Hell is an interesting topic. It is a valid question people have when asking about a God who is supposedly Perfect Love. "How can an all-loving God condemn someone to eternal punishment?"
It's fairly easy to explain hell as an act of justice, especially poetic justice. Do evil and you will eventually be punished either in this life or the next. Also, if you sin against someone who is infinitely good, the just punishment would be eternal. But hell is actually the result of love.
It sounds paradoxical, but hell is an act of love for the sinner. When someone goes to hell, it is because they chose not to love. Since love must be an act of the will, and God respects our free will, God would not force us to love him. Since God is Pure Love, and the sinner chose to reject love, being with God would be worse than hell.
Hell is "Where God is not." It means there is no other love in that place beyond its existence. This also means if someone wants to hate God for eternity, they can do it. Now one may argue that it would be better for God to wipe out the sinner's existence. However, that would violate two things. First is that God sees everyone's existence as good, just like those against the death penalty see that all life is good. Second is that annihilating the sinner would counter hell being an act of love for the rest of us.

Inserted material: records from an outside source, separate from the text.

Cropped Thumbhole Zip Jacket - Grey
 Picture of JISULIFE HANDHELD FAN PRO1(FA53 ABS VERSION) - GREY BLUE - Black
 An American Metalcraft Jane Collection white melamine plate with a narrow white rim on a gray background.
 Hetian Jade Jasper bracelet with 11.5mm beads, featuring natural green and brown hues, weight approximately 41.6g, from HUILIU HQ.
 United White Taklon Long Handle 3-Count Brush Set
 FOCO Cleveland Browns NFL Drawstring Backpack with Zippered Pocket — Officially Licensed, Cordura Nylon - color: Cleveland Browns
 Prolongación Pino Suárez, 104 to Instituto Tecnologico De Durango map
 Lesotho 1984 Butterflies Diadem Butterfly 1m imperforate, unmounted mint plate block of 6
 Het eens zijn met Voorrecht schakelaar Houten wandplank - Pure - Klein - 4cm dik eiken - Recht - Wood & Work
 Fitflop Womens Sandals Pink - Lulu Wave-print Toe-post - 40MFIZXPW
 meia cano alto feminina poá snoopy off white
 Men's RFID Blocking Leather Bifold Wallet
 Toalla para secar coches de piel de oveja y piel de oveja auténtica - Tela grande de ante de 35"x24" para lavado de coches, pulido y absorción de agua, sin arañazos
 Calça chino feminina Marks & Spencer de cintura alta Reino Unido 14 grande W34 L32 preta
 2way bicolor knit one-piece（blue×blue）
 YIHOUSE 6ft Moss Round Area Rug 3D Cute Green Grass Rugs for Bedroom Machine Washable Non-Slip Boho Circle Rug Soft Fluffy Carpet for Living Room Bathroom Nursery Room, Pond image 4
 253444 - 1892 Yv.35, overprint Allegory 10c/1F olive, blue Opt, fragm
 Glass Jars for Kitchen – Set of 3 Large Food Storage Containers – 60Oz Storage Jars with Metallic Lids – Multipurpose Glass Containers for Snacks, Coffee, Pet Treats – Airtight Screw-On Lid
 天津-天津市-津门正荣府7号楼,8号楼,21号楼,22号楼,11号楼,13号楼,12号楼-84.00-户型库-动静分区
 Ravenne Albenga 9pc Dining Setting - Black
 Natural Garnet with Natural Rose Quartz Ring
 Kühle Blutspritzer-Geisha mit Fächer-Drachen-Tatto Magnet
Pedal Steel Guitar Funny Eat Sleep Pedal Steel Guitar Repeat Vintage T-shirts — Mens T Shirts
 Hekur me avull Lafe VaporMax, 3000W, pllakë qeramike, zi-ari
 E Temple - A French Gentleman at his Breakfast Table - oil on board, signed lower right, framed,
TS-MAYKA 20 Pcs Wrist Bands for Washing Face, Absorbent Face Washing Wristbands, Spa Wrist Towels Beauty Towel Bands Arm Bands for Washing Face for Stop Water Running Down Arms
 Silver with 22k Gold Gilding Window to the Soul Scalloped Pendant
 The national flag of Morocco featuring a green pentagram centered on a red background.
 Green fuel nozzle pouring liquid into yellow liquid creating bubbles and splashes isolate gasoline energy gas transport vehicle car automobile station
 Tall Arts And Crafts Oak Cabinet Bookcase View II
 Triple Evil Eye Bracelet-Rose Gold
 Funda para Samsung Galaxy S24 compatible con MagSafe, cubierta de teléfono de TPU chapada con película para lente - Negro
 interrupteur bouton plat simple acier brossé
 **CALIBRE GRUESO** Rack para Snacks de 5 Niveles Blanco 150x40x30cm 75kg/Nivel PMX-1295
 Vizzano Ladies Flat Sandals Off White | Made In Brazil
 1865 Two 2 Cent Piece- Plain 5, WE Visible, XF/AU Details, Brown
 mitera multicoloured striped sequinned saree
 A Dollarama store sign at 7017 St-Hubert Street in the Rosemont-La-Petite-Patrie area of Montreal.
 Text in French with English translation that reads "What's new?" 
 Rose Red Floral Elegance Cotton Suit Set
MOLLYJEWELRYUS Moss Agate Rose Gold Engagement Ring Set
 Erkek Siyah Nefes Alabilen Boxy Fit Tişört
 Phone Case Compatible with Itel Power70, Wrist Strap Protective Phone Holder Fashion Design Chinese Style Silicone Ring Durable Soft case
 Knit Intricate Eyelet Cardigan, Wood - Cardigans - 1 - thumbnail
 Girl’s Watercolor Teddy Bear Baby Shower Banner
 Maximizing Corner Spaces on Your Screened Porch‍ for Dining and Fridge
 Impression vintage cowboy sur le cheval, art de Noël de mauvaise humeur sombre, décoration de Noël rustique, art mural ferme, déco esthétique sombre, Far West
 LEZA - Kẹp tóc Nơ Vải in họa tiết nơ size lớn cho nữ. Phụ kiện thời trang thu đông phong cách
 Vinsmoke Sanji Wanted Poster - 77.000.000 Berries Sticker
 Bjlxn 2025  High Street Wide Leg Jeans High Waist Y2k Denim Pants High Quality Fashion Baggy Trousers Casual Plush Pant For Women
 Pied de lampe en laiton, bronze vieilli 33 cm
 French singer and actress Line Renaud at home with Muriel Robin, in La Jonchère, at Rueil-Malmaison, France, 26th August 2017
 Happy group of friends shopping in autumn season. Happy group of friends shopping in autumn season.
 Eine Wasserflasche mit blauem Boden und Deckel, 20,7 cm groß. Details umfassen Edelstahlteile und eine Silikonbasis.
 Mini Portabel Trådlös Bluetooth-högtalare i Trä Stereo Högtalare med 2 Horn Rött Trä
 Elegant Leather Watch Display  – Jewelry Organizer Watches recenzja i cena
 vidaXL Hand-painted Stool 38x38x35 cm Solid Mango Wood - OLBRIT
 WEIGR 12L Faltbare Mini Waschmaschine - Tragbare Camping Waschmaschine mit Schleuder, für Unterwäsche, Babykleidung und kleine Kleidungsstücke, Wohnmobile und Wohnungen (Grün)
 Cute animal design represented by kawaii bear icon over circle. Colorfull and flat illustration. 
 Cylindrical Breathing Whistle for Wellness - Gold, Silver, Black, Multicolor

Jesus gave us an analogy. We are salt whose purpose is flavor. But if we lose our flavor, then we will be thrown out to be trampled under foot by men. This shows two things. First is that God will still use you even if you fail your purpose of love. Second, though I don't know if they did this in Israel, is to keep the rest of us from falling down. The purpose of salt on the ground is to prevent men from slipping on the ground. Salt is what you throw on ice so that men can walk. God sends people to hell so that we might not.
God wants what's best for us, and that is for us to be willingly united with him. The first step is instilling the fear of punishment. We have a free will, but we don't initially start life by loving God. When we are children, we initially only fear punishment. We don't really care for our parents. But as we grow older, what started as fear of punishment can grow into fear of offending our parents. The punishment is a seed that grows into an act of love. When we reach this stage, it means we have a true love for God. Of course, if you chose otherwise, then you will receive the punishment promised. Being removed from existence would not encourage you to chose love, but the fear of punishment might.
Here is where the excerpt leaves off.